Kidney Int. 1994 Apr;45(4):1177-81. doi: 10.1038/ki.1994.156.
Central venous stenoses are a frequent complication in hemodialysis patients. These lesions lead to fistula thromboses, arm swelling, and limit future vascular access. Stenoses are characterized by excellent initial response to transluminal angioplasty but rapid recurrence. Response to angioplasty allows classification of stenoses as elastic or nonelastic. The success of angioplasty alone in 30 patients with central venous stenoses was compared to angioplasty and Wallstent placement in 11 patients with recurrent stenoses. In those who had angioplasty alone, 7%+ failed angioplasty, 70% had > or = 50% improvement in the luminal diameter while 23% showed no improvement due to elastic lesions. Subsequently, 81% of those with a successful result restenosed at an average of 7.6 months while 100% of elastic lesions occluded in an average of 2.9 months. In the 10 patients who underwent angioplasty and Wallstent placement, 5 were due to elastic lesions with four recurrences at a mean of 8.6 months. Four of five patients (80%) stented with nonelastic lesions had reappearance of symptoms at a mean of 4.2 months. We conclude that vascular stents should be reserved for those lesions that show elastic recoil after standard angioplasty.

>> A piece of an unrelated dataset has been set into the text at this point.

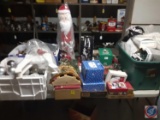 Christmas tree lights and various Xmas items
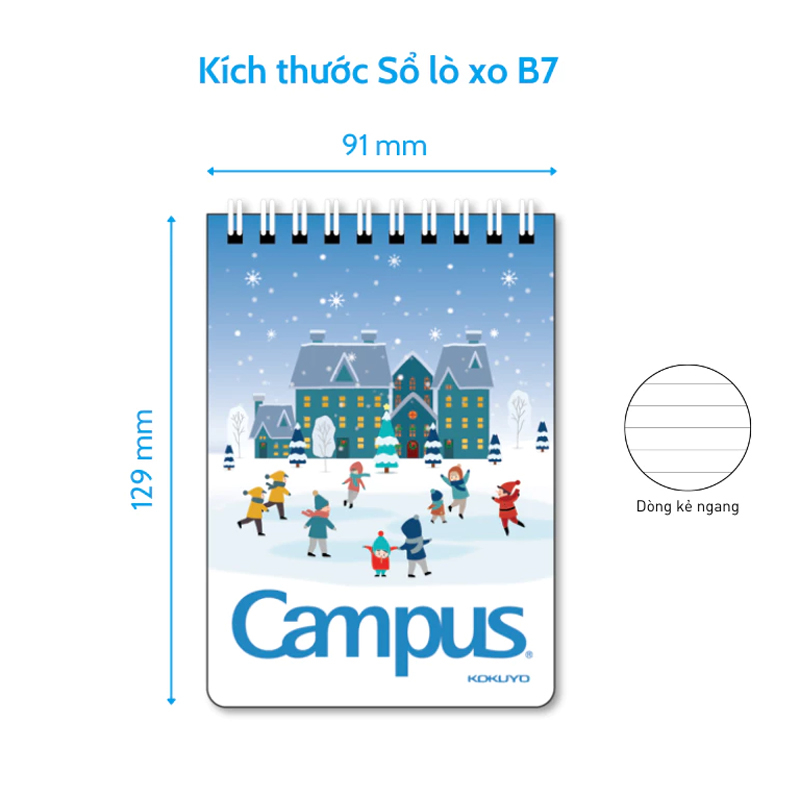 Campus - Sổ Lò Xo Winter Limited Kẻ Ngang RN-B7L160WL-04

中心静脉狭窄是血液透析患者常见的并发症。这些病变会导致动静脉内瘘血栓形成、手臂肿胀,并限制未来的血管通路。狭窄的特点是对腔内血管成形术初始反应良好,但复发迅速。根据血管成形术的反应情况,可将狭窄分为弹性或非弹性。对30例中心静脉狭窄患者单纯血管成形术的成功率与11例复发性狭窄患者血管成形术联合Wallstent置入术的成功率进行了比较。在单纯接受血管成形术的患者中,7%血管成形术失败,70%管腔直径改善≥50%,23%因弹性病变无改善。随后,成功的患者中有81%平均在7.6个月时再次狭窄,而100%的弹性病变平均在2.9个月时闭塞。在接受血管成形术联合Wallstent置入术的10例患者中,5例是由于弹性病变,其中4例复发,平均复发时间为8.6个月。5例接受非弹性病变支架置入的患者中有4例(80%)平均在4.2个月时症状复发。我们得出结论,血管支架应保留用于标准血管成形术后出现弹性回缩的病变。